------ Data for this task
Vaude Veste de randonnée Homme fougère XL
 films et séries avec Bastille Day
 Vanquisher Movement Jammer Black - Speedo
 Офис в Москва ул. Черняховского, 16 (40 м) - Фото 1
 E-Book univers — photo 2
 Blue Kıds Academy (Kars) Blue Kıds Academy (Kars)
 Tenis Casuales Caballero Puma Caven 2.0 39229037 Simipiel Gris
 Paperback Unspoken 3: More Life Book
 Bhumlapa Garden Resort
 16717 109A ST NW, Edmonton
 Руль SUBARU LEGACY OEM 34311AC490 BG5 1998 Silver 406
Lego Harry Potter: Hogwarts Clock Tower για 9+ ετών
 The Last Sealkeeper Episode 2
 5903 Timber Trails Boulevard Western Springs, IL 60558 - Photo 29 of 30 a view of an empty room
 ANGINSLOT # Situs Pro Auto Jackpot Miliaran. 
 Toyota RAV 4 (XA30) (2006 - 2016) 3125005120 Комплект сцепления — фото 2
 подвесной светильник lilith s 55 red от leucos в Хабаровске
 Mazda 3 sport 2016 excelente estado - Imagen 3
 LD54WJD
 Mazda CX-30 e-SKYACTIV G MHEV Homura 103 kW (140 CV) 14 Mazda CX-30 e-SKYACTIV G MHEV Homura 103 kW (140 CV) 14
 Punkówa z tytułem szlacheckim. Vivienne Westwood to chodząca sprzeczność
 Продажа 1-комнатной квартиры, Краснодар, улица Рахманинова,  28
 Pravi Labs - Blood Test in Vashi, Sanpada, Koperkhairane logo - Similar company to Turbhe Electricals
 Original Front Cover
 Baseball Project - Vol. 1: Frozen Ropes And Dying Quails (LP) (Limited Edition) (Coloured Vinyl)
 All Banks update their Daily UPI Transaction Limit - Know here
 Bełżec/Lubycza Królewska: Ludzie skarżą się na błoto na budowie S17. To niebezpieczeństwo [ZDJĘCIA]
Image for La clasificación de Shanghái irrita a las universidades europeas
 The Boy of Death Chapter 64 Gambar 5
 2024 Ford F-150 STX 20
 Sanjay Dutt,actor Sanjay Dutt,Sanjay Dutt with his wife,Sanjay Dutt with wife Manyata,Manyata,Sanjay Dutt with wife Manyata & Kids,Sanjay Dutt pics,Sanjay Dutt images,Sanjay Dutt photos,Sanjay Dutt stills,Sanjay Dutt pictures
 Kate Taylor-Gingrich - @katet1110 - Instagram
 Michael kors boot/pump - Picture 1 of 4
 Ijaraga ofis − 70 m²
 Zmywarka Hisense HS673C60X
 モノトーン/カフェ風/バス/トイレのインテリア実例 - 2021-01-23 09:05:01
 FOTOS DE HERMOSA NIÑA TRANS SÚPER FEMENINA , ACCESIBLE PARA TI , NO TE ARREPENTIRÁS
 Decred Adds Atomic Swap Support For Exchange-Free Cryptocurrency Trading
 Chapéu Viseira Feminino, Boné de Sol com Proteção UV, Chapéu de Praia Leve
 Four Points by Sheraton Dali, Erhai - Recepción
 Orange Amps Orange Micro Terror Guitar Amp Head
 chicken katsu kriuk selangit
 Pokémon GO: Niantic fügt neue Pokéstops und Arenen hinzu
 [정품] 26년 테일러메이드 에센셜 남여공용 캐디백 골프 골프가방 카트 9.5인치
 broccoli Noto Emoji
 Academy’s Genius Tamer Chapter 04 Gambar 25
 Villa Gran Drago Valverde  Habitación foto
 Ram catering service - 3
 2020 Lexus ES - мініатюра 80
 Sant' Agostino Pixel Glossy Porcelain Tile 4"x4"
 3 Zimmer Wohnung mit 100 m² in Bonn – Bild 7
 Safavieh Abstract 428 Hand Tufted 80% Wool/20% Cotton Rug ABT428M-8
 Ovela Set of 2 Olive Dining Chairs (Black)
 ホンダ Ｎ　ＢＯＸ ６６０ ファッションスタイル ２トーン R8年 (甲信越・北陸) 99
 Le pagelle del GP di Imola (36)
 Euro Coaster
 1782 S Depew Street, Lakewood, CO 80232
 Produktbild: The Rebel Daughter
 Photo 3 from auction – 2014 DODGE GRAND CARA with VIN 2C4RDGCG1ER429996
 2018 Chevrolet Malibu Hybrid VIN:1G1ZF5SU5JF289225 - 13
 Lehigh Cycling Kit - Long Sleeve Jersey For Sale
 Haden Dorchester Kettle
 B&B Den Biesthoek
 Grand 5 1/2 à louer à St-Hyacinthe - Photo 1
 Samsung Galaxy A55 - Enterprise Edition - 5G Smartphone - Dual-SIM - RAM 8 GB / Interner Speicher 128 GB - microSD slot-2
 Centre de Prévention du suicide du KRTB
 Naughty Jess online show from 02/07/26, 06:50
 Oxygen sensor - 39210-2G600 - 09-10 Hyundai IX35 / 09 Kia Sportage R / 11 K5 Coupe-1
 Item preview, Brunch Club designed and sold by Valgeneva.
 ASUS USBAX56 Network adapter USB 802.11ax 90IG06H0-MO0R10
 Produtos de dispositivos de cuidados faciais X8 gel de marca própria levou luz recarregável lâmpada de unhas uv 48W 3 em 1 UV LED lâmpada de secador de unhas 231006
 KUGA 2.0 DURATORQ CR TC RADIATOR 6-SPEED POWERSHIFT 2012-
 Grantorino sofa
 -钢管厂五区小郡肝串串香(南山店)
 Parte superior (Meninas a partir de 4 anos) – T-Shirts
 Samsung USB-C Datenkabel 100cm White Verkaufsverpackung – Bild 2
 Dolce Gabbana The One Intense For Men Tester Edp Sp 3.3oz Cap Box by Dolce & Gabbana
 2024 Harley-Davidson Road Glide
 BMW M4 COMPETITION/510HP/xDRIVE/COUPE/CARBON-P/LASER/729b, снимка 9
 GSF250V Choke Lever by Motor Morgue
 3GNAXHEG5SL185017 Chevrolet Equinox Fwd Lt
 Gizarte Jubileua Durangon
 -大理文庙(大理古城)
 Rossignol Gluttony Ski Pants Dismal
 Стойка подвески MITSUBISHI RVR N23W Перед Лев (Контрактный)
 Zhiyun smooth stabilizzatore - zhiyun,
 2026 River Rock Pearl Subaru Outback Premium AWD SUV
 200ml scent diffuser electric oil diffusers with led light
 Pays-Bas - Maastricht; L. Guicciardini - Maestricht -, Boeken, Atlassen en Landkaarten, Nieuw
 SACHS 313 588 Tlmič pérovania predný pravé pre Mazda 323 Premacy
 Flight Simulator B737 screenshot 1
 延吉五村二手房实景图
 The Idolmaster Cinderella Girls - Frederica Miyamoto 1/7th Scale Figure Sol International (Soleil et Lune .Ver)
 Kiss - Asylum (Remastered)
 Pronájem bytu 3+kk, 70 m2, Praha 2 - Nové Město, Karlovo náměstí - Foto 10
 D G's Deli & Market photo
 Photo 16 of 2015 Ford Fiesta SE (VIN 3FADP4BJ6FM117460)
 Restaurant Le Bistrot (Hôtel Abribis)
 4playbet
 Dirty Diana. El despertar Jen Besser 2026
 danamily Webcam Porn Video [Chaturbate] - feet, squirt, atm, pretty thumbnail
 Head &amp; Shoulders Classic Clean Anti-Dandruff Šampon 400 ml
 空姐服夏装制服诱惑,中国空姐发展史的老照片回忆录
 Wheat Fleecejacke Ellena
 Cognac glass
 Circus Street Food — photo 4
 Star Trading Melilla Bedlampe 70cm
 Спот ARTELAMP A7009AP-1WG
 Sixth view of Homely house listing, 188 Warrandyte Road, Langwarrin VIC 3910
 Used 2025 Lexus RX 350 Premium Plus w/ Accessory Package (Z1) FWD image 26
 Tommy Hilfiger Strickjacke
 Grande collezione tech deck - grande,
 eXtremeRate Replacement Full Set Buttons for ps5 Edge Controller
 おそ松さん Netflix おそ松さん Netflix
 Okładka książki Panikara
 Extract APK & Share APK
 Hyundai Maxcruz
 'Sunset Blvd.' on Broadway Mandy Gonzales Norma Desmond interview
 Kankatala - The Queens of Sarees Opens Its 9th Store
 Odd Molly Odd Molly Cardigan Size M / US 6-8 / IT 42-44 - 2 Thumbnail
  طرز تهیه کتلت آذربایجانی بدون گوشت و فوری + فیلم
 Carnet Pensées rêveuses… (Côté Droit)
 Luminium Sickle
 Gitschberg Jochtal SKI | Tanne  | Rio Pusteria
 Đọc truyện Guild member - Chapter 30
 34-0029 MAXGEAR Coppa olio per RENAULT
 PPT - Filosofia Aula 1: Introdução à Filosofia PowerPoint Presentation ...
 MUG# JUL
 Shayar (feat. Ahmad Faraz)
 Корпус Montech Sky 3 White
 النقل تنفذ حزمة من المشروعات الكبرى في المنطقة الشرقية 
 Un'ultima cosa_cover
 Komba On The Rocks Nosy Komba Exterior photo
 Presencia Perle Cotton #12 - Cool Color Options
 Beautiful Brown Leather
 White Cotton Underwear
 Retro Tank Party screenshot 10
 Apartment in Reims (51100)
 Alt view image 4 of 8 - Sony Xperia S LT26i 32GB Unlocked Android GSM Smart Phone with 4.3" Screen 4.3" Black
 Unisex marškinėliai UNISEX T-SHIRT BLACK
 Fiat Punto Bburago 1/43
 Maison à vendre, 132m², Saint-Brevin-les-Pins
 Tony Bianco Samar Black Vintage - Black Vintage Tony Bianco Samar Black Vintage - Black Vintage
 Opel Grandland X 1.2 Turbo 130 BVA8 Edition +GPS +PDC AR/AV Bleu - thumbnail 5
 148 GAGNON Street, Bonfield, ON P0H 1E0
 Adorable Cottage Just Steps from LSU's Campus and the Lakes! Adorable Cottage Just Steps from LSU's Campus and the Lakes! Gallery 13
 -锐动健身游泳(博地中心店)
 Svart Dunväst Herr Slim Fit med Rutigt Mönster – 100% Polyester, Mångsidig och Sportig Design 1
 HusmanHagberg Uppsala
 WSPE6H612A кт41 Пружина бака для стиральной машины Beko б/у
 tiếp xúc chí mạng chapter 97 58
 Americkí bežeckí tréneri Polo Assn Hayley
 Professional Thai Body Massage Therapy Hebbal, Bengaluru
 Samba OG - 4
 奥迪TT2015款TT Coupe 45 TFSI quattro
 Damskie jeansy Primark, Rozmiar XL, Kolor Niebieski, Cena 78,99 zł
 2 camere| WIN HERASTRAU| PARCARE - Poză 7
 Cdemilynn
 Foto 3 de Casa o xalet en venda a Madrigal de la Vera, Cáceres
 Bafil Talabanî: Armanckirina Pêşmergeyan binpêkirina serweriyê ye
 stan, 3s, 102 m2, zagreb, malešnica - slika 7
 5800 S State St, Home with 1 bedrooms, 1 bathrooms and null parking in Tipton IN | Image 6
------------
Task to carry out: Give back the records word for word. Start at the first line, end at the line containing "Bhumlapa Garden Resort", and include both.

Written reply:
Vaude Veste de randonnée Homme fougère XL
 films et séries avec Bastille Day
 Vanquisher Movement Jammer Black - Speedo
 Офис в Москва ул. Черняховского, 16 (40 м) - Фото 1
 E-Book univers — photo 2
 Blue Kıds Academy (Kars) Blue Kıds Academy (Kars)
 Tenis Casuales Caballero Puma Caven 2.0 39229037 Simipiel Gris
 Paperback Unspoken 3: More Life Book
 Bhumlapa Garden Resort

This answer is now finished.